What you return should be the lines from the one with "Hello, welcome to" through the one with "Here's some more" in the data below, reproduced exactly with both ends, and no pictures at all.

------

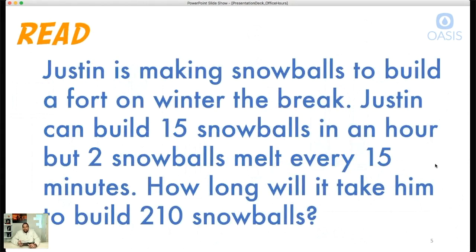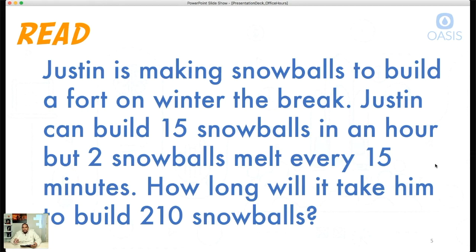Here's the first step — read the problem. It says: Justin is making snowballs to build a fort on winter break. Justin can build 15 snowballs in an hour, but two snowballs melt every 15 minutes. How long will it take him to build 210 snowballs? Justin can make 15 snowballs in one hour, but two snowballs melt every 15 minutes. The last sentence asks how long will it take him to build 210 snowballs. We've read it and we've got a good grasp. Now let's think.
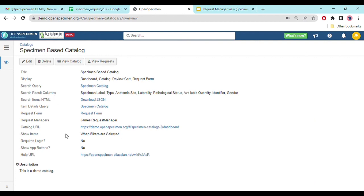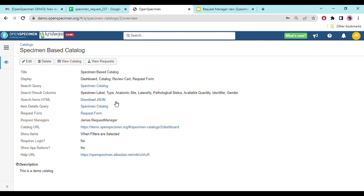Once I click on the catalog, I can see different details on the overview page. Here I can edit, delete, view the catalog, or view requests using the buttons on the display page. You can see the title and other details such as what type of query is used under the catalog, the catalog URL, whether it's a public or private catalog, and the request manager that has been configured.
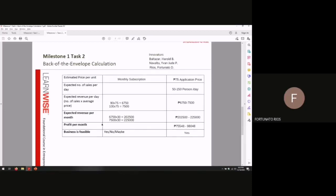And for last, our expected revenue per month is $200,000 to $225,000. And the profit per month is $75,000 to $98,000.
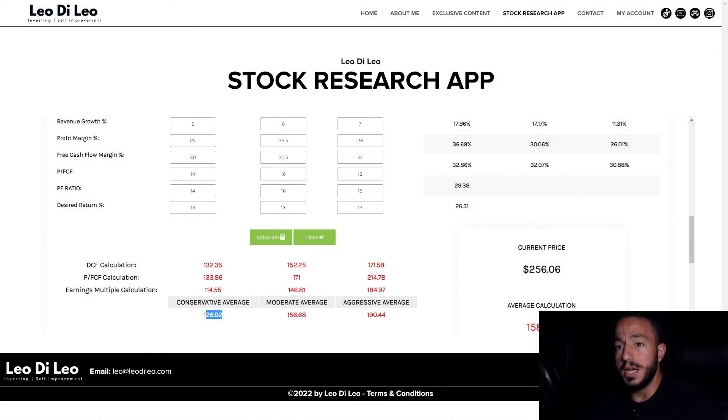If you want to get your hands on this software, make sure you hit the like and subscribe buttons. Announcements will come soon once the website is up and running. If you want to see a company evaluated, write it down in the comments below — and once the software is up and running, you'll be able to do it yourself. Stay tuned and I'll see you in the next one.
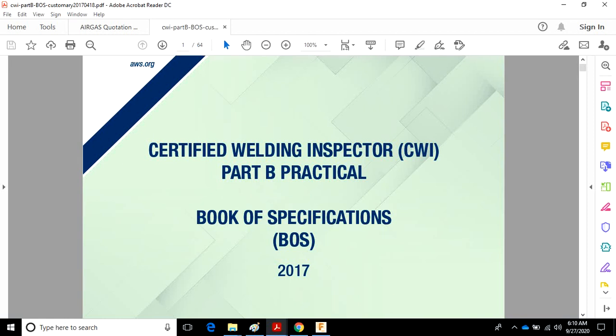Hey everybody, I'd like to welcome you to this short presentation on the AWS Book of Specifications. What we're going to talk about today is the requirements for thickness limitations that are in Table 7 of Clause 5.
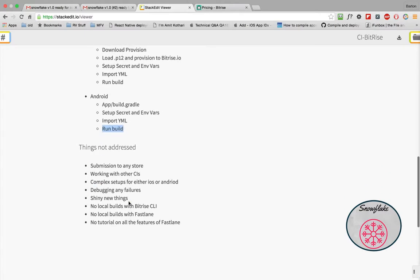So some things that aren't addressed. We're not going to look at how to submit this app to the store. Maybe that's someday in the future, but right now that's way more than I want to achieve. Right now, the focus is getting it built and installable on your phone.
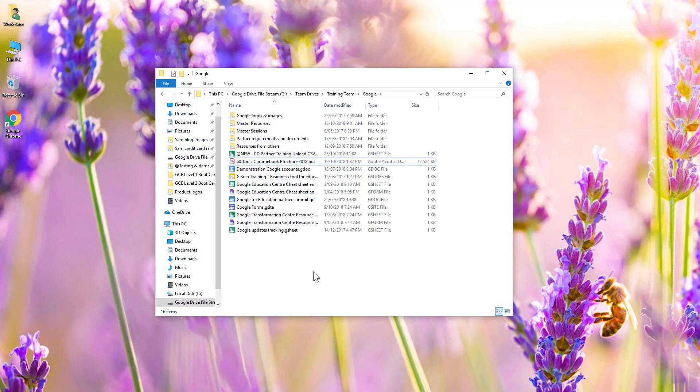So that's the preparatory work you would need to do for non-Google files if you wanted to access them offline before you were actually offline. That's how to use Google Drive offline mode in Google Chrome for Google files, and Drive File Stream for non-Google files. Thanks for watching.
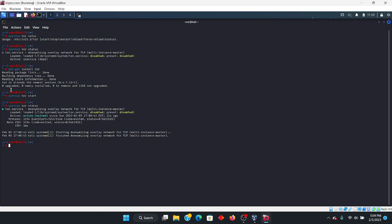We want to then configure the proxy chains. If you want to stop the Tor service, you're going to do 'service tor stop'. Pretty simple, straightforward stuff. After installing the Tor service, now we need to configure the proxy chains. To do so, we're going to use the command nano — 'nano /etc/proxychains.conf'.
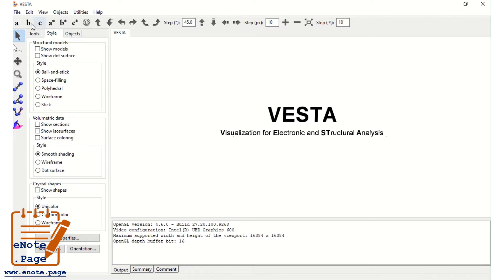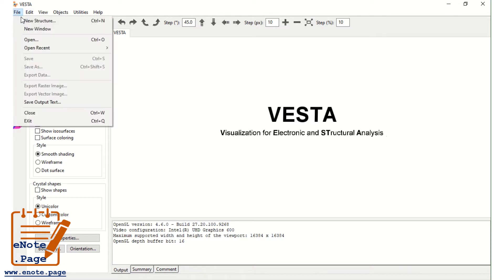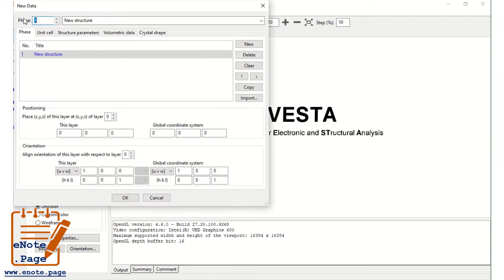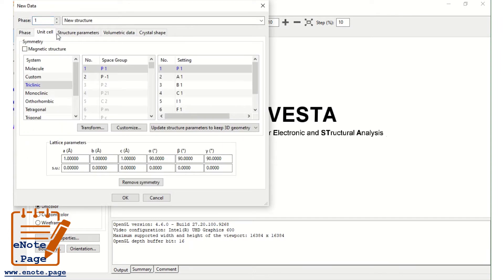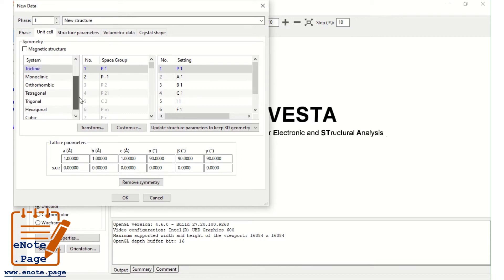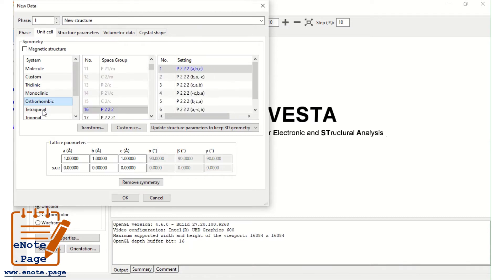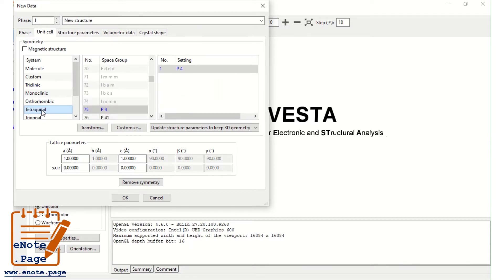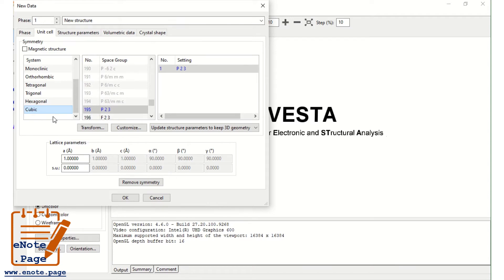First, go to File > New Structure, and then take the unit cell. We are having seven types of crystal systems: triclinic, monoclinic, orthorhombic, tetragonal, trigonal, hexagonal, and cubic. Just for simplicity, let us start with cubic.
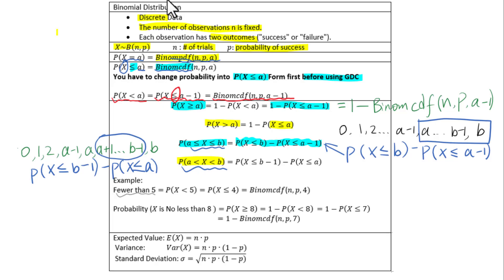Specific examples of wording: 'fewer than 5' means we write the probability of X less than 5, which equals the probability of X less than or equal to 4. 'No less than 8' means the probability of X greater than or equal to 8, which we write as 1 minus the probability of X less than or equal to 7.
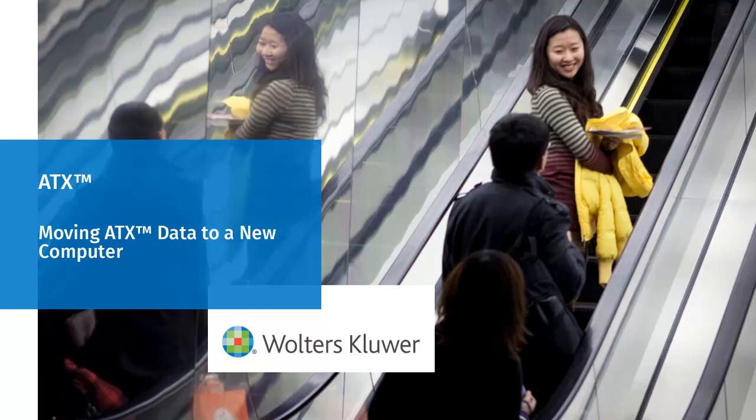Hello, welcome to the video to learn how to move data to a new computer for ATX.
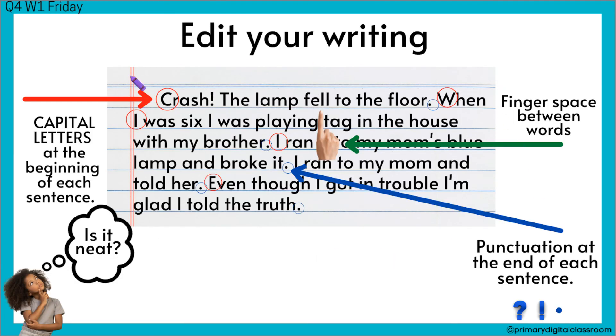Then on Friday, you're going to be editing your work. You're looking for capital letters, finger spaces, and punctuation at the end.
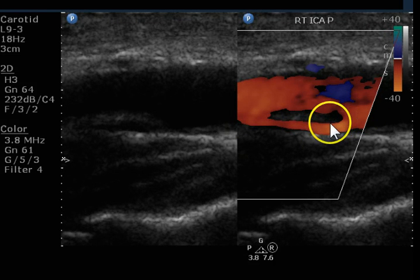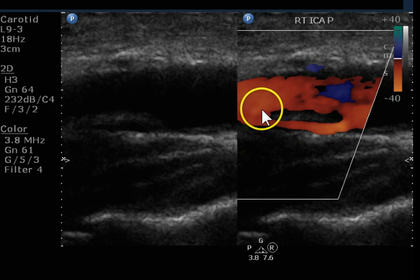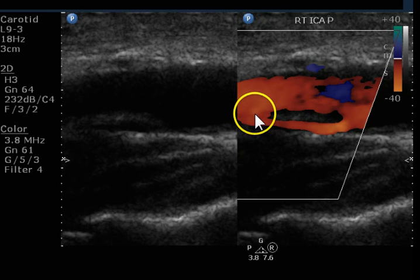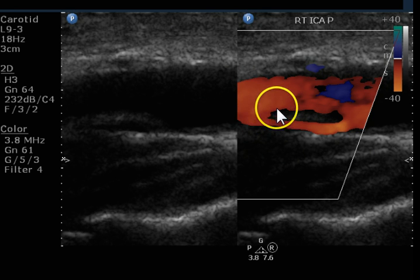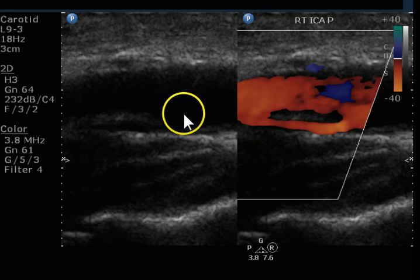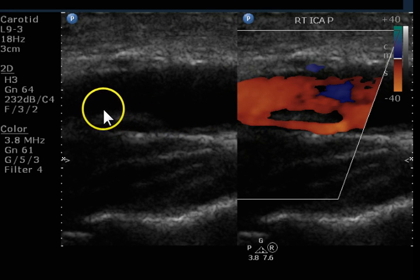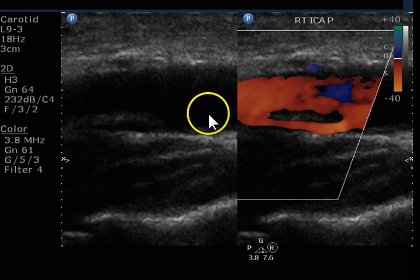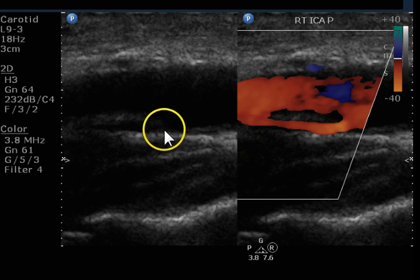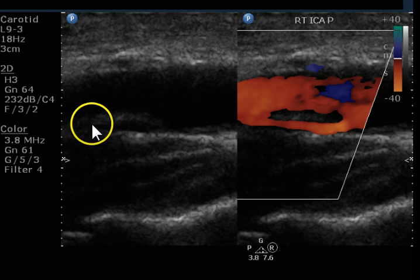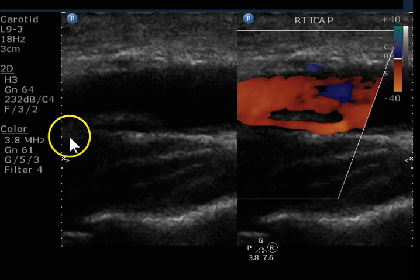Here's some more of the false flow lumen and part of the intimal flap. This may be where it re-enters, but this could just be motion of the flap. It looks like it continues onward here. So here's the intima, here's the flap, and flow goes underneath the flap and continues in this direction.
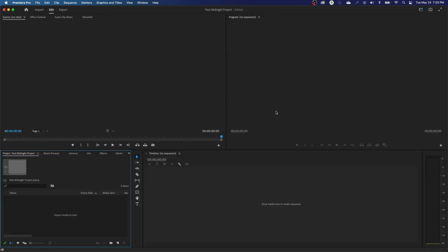That concludes all the different ways of importing media into Premiere Pro. Thanks for watching, and if you have any questions or comments, please post them.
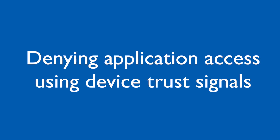To demonstrate how the device trust signals work, we have created a policy that requires devices to be fully encrypted. If a device is not fully encrypted, the user will not be able to log into online applications on this device.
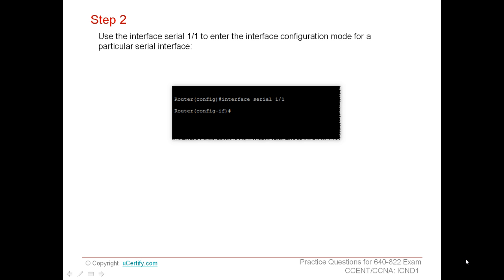Use the interface serial 1/1 command to enter the interface configuration mode for a particular serial interface. From the global configuration mode, you need to enter the interface configuration mode in which you can configure the interface.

------

● Answer section:
Hello, welcome to the video to learn how to move data to a new computer for ATX.
Then on Friday, you're going to be editing your work. You're looking for capital letters, finger spaces, and punctuation at the end.
Here's some more of the false flow lumen and part of the intimal flap. This may be where it re-enters, but this could just be motion of the flap. It looks like it continues onward here. So here's the intima, here's the flap, and flow goes underneath the flap and continues in this direction.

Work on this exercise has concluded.